Either the rumored specs were off by a factor of two or else the presentation was extremely misleading to try to make it sound like the cards are twice as fast as they are. There isn't really any in-between here. Either the factor of two is there or it isn't, and either way is rather shocking.
I should explain. GPUs have a lot of different pieces, and there isn't just one number that you can point to and say, this is how fast the card theoretically should be across the board. There are a lot of things that you can compute from the paper specs, though. Arguably the most important is the card's computational power, the theoretical TFLOPS, or trillions of floating-point operations per second. It tends to be pretty strongly correlated with memory bandwidth, among other things, as if you took a balanced card and gave it four times as much memory bandwidth but no additional compute, you wouldn't make it much faster in most games, as the memory controllers would mostly be sitting there idle on such an unbalanced card. Similarly, if you gave it four times as much compute but no more memory bandwidth, the shaders would mostly sit there idle waiting on memory.

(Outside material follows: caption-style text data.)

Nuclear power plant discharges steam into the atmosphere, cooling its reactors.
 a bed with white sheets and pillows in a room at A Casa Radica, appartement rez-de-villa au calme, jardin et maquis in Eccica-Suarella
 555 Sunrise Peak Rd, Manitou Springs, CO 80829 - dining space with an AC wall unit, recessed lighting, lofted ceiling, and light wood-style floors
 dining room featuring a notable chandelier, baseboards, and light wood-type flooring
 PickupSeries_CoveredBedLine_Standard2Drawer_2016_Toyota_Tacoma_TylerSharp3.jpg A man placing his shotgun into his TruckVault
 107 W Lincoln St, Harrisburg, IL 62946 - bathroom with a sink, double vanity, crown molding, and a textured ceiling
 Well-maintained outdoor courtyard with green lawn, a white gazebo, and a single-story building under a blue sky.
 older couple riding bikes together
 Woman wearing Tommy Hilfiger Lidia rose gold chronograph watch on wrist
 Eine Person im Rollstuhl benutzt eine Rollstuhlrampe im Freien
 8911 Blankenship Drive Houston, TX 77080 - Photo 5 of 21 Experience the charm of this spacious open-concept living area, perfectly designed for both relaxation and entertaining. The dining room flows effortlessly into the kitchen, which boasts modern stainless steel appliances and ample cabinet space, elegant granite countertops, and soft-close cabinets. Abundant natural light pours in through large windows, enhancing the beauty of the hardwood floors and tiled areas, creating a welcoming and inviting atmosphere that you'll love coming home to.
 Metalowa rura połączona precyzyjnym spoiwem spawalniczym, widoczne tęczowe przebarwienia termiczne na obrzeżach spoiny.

The leaked specs on the GeForce RTX 3090 from the box art of a new Gainward card is 5248 shaders and a 1.725 GHz boost clock. You can compute the theoretical TFLOPS from that as (number of shaders) * (clock speed) * 2, or 5248 * 1.725 * 2 * 10^(-9) ~ 18.1. So here's Nvidia's slide from their presentation:https://images.anandtech.com/doci/16060/20200901173540.jpg
36 "shader-TFLOPS". That's double what you'd get from the computations. Card specs do sometimes change late. They don't change at the last minute by a factor of two. Rumors from random people making things up sometimes are off by a factor of two (remember the rumors that the mid-range GF104 was going to be a lot faster than the high-end GF100?), but it doesn't seem plausible that that is the case here.
So where did that factor of two come from? These aren't the only Ampere cards. Nvidia has already announced more specs for their A100 compute card of the same architecture. It has 6912 shaders at about 1.41 GHz, for 19.5 TFLOPS. I don't see where Nvidia explicitly states the shader count, but the TFLOPS number is here:https://www.nvidia.com/en-us/data-center/a100/
It seems implausible that the rumored shader count is off by a factor of two, as that would mean that Nvidia packed in massively more shaders into a GeForce card than they did their A100 compute card that is the largest GPU ever built. Maybe I could believe that if the GeForce card chopped out a ton of compute stuff, but their presentation explicitly said that it includes the full tensor cores. The RTX 3080 is listed as 28 billion transistors, or only a little over half of what the A100 uses.
It also seems implausible that the clock speed is off by a factor of two. GPUs tend to clock a little under 2 GHz these days for reasons of physics, and if they suddenly tried to clock a huge GPU at 3.5 GHz, that's not going to end well.
Most likely, the factor of two is that instead of a * 2 in the computations, they did a * 4 instead. But why?
At this point, it's very reasonable to ask, why should there be a * 2 at all? The answer to that is that all shaders can do one fma per clock, where fma(a, b, c) = a * b + c, all as 32-bit floats. An add is one operation and a multiply is another, so being able to do both at once per clock counts as two. Yeah, that's fishy, but all modern GPU vendors do it, so it at least gives you comparable numbers.
Did Nvidia add some other operation that they think should count as four? The most obvious candidate would be packed half math. That is, rather than putting a 32-bit float in a 32-bit register, you pack two 16-bit halfs in, with a 16-bit number in the high 16 bits and a completely independent 16-bit number in the low 16 bits. Then you have an operation that can do an fma on the high 16 bits and another fma on the low 16 bits at the same time. So that counts as four. But it's not four 32-bit operations. It's four 16-bit operations. This is why GPUs will commonly site one number of TFLOPS at 32-bit precision, and another number at 16-bit. See here, for example:https://www.amd.com/en/products/professional-graphics/instinct-mi50
6.6 TFLOPS double precision
13.3 TFLOPS single precision
26.6 TFLOPS half precision
53 TOPS int8 precision
It takes two 32-bit registers for a 64-bit number. But that 32-bit register can have a full 32-bit float, two 16-bit halfs, or four 8-bit integers. It's no coincidence that halving the data size doubles the throughput, at least if the card has the logic for it, as AMD's Vega 20 does.
But if some other operation is the culprit, why didn't they count it in their A100? Furthermore, the ratio of various operations is dictated by the architecture. If you add twice as many compute units, you get double the throughput of everything. Increase the clock speed by 10% and you get 10% more throughput of everything. The A100 cites peak 312 TFLOPS half precision from tensor cores (= 19.5 TFLOPS single precision * 16), with the 16 having a factor of 2 because of half precision times a factor of 8 because the tensor cores use 8x8 matrices.